The task. Filter the data for lines with the word "Ring", then copy every line so identified.

Stored records.
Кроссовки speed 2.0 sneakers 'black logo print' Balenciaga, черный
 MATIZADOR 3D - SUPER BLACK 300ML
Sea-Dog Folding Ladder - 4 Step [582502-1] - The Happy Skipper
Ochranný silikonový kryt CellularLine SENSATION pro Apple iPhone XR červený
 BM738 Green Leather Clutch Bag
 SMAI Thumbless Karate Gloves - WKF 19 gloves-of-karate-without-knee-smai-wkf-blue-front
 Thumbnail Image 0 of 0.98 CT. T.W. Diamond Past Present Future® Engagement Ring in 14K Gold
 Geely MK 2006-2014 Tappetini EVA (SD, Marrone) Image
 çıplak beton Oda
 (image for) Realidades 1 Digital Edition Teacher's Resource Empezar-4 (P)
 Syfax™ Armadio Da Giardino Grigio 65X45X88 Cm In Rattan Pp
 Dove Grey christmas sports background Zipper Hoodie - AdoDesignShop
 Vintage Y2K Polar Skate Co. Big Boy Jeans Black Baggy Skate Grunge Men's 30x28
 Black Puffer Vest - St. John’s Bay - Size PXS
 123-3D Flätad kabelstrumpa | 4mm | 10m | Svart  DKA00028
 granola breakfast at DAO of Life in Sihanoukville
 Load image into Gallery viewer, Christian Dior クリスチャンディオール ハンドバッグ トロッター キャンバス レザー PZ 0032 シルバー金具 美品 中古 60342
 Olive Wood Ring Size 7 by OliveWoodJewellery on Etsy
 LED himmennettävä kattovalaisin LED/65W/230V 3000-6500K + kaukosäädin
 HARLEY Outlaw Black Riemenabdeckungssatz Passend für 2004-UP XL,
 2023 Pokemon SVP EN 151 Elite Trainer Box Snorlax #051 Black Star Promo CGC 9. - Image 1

Reply.
 Thumbnail Image 0 of 0.98 CT. T.W. Diamond Past Present Future® Engagement Ring in 14K Gold
 Olive Wood Ring Size 7 by OliveWoodJewellery on Etsy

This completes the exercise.